Fiets- en wandelpaden

4.12. Belanghebbende betoogt ten slotte dat de fiets- en wandelpaden vanwege de vrije toegankelijkheid als openbare landweg in de zin van artikel 2, lid 1, onderdeel d, van de Uitvoeringsregeling uitgezonderde objecten Wet waardering onroerende zaken (hierna: Uitvoeringsregeling) moeten worden aangemerkt en derhalve buiten de waardering moeten blijven. De Ambtenaar stelt dat er geen sprake is van een openbare landweg omdat deze paden niet in onderhoud zijn bij de gemeente en ook niet tot de zogenoemde gemeentelijke fietspadenlegger behoren.

4.13. Voor de beantwoording van de vraag of op de fiets- en wandelpaden de uitzondering voor openbare landwegen van toepassing is, moet worden onderzocht of er sprake is van een openbare weg in de zin van de Wegenwet (vgl. Hoge Raad 6 oktober 2006, 40 640, LJN AY9491). Artikel 4, lid 1, van de Wegenwet luidt – voor zover van belang:

‘Een weg is openbaar:

I. wanneer hij, na het tijdstip van dertig jaren vóór het in werking treden van deze wet, gedurende dertig achtereenvolgende jaren voor een ieder toegankelijk is geweest; (…)

III. wanneer de rechthebbende daaraan de bestemming van openbaren weg heeft gegeven.’

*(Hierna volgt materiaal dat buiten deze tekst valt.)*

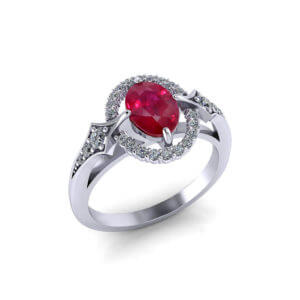 Floating Diamond Ruby Ring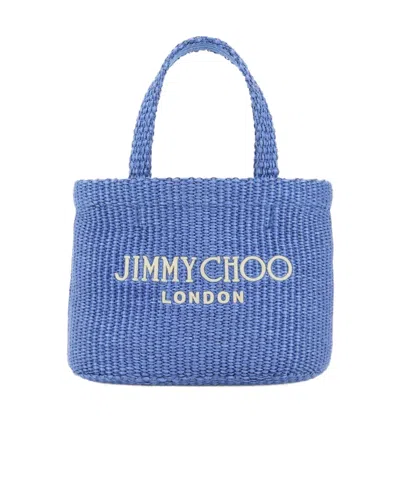 Jimmy Choo Logo Embroidered Woven Tote Bag In Blue
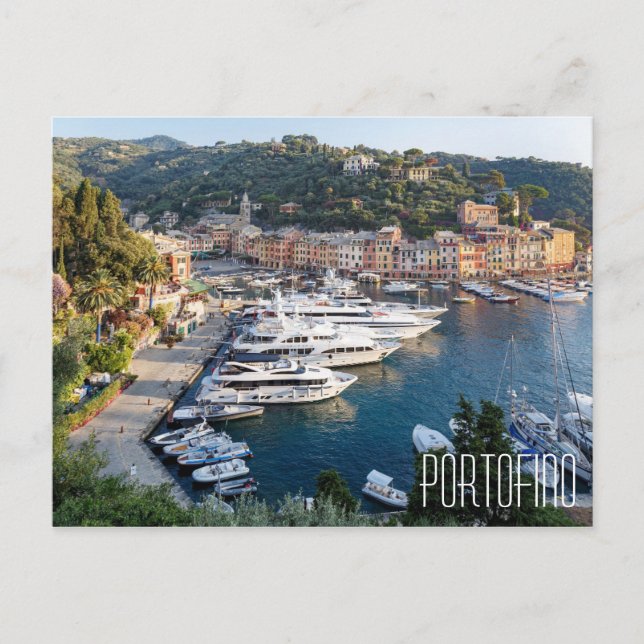 Carte Postale Portofino Italie beaux yachts dans le port (Devant)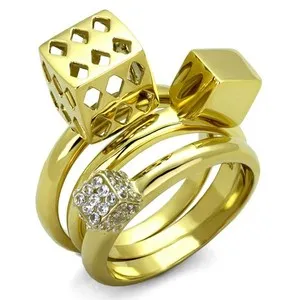 Authentic Women's Dice Ring Set, Clear CZ, 14K Gold Plated,, Statement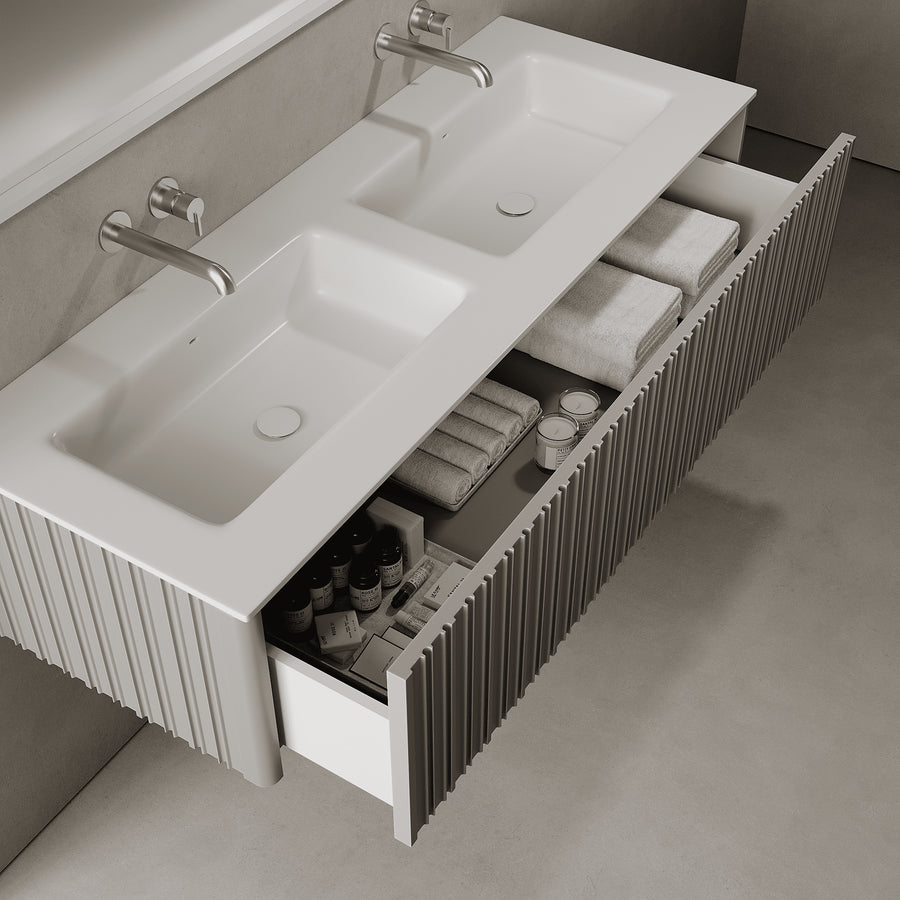 Esmont Stone Grey 1400mm Vanity Unit - Single Drawer with Double Basin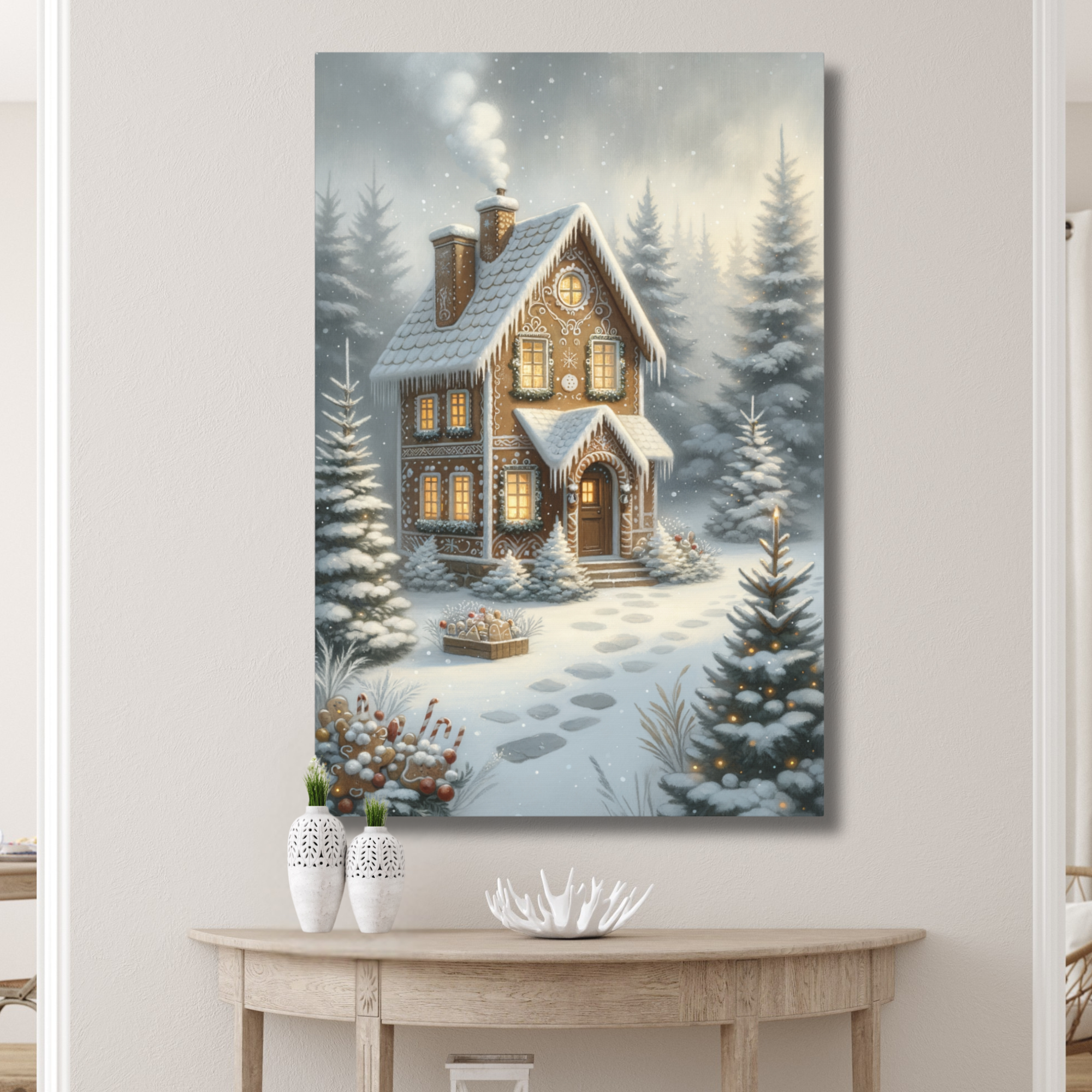 Gingerbread House Christmas Wall Art – Cozy Winter Holiday Canvas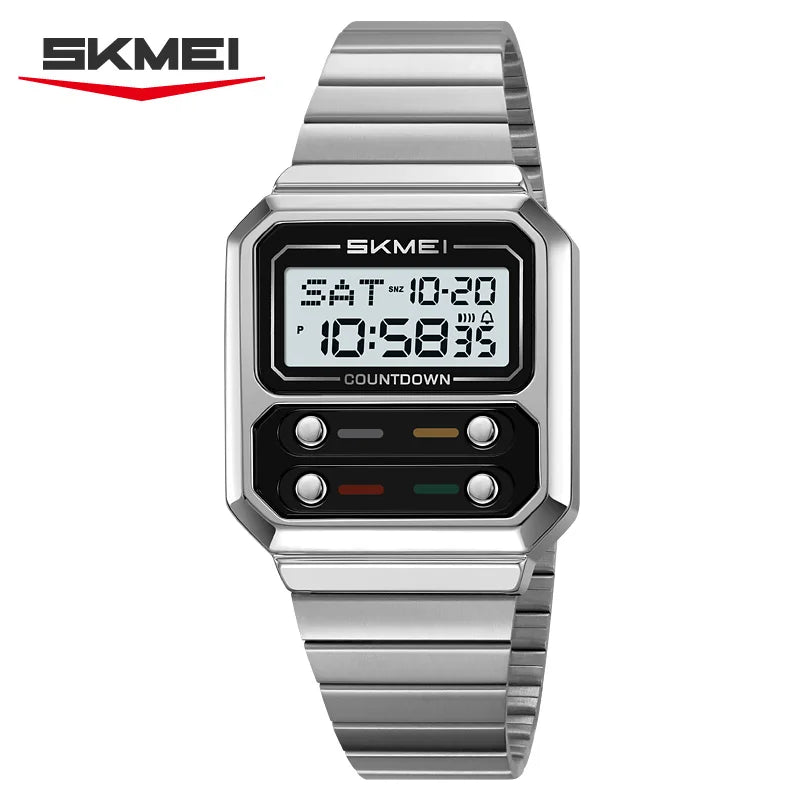 SKMEI 2448 Fashion Men Electronic Watch Vintage Business Luminous Calendar Waterproof Steel Strap Casual Digital Watches for Man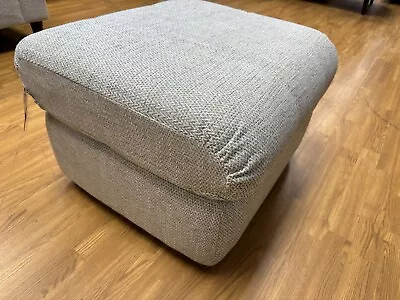 G PLAN NEWMARKET Padded High Top Footstool In Grey Weave Fabric RRP £569 • £295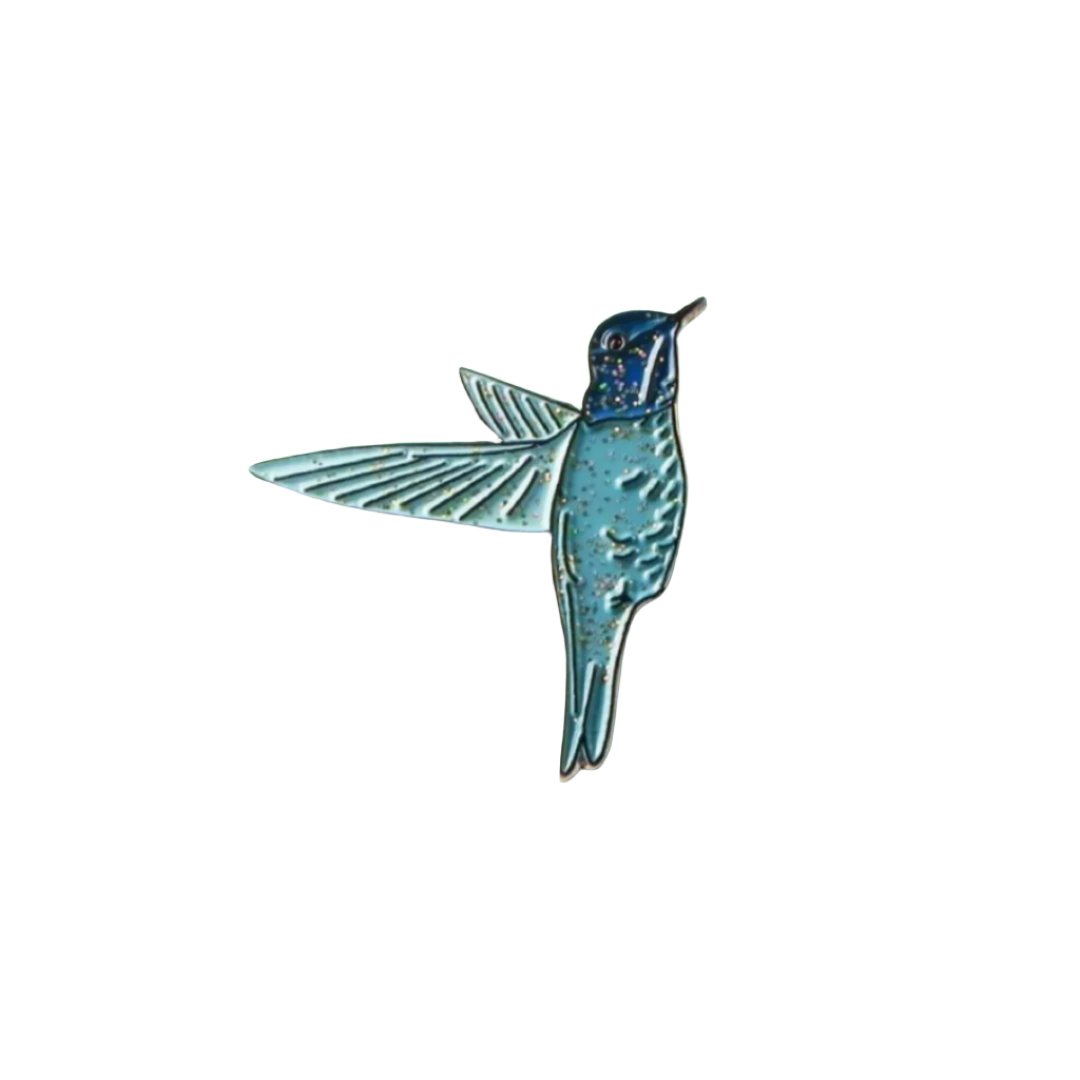 Blue Humming Bird Enamel Pin Badge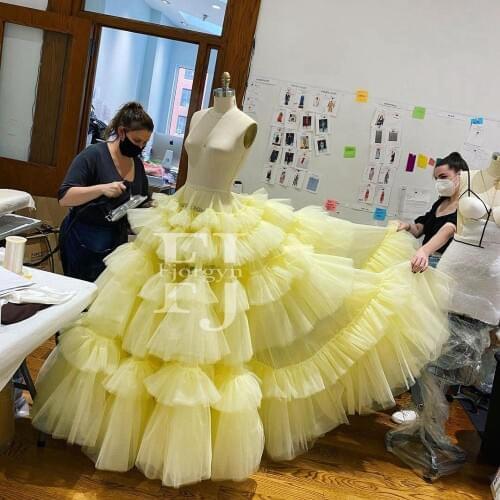 New In Fluffy Tulle Skirts Custom Made Puffy Yellow Luxury Tiered Ruffles Women Girls Long Tulle Maxi Skirt Plus Size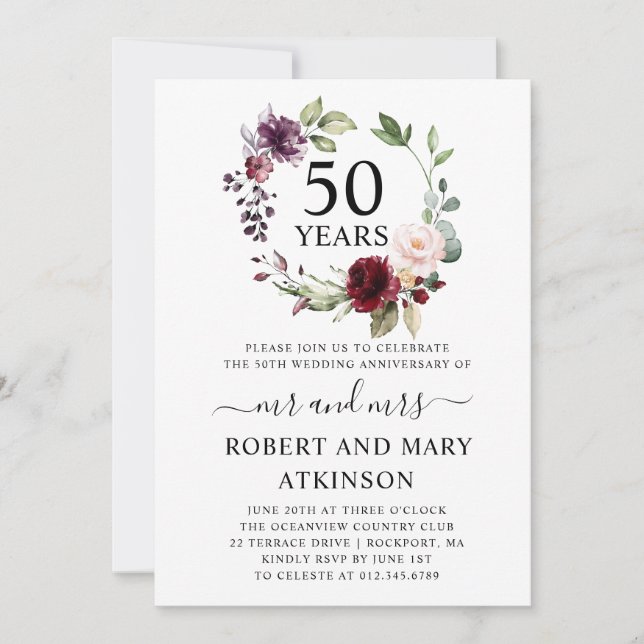 Burgunder Rosa Blommig 50-års bröllopsdag Inbjudningar (Framsida)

4.14. Belanghebbende heeft onweersproken gesteld dat het recreatieterrein sinds begin jaren zeventig van de vorige eeuw vrij toegankelijk is. Naar het oordeel van het Hof zijn de onderhavige fiets- en wandelpaden daarom een openbare weg in de zin van artikel 4 van de Wegenwet. Deze paden zijn daarmee een uitgezonderd object in de zin van artikel 2, lid 1, onderdeel d, van de Uitvoeringsregeling.

Tot slot

4.15. Het Hof verklaart het hoger beroep gegrond en komt tot de volgende berekening van de waarde:

grootte

in m² prijs

per m² vw

€ factor ta/fa gvw

1. Verharding parkeerterrein 4.320 30,00 129.600,00 0,408 52.876,80

2. Verharding fiets- en

wandelpaden 1.530 0,00

3. Houtopstand/plantsoen 102.757 0,50 51.378,50 1 51.378,50

4. Toegangsweg 3.815 2,25 8.583,75 1 8.583,75

5. Strand/ligweiden 15.082 3,00 45.246,00 1 45.246,00

6. Parkeerterrein 9.956 2,25 22.401,00 1 22.401,00

7. Water 65.250 1,00

8. Overige onderdelen 94.053,86

Totaal 274.540,91

vw = (ongecorrigeerde) vervangingswaarde

ta/fa = technische/functionele veroudering

gvw = gecorrigeerde vervangingswaarde

5. Proceskosten

Het Hof ziet geen aanleiding voor een proceskostenveroordeling.

6. Beslissing

Het Hof:

- vernietigt de uitspraak van de Rechtbank;

- verklaart het beroep bij de Rechtbank gegrond;

- vernietigt de uitspraak op bezwaar;

- vermindert de vastgestelde waarde tot een bedrag van € 274.540;

- vermindert de aanslagen in de onroerende-zaakbelasting dienovereenkomstig;

- gelast dat de gemeente aan belanghebbende het betaalde griffierecht vergoedt, te weten € 288 in verband met het beroep bij de Rechtbank en € 447 in verband met het hoger beroep bij het Hof.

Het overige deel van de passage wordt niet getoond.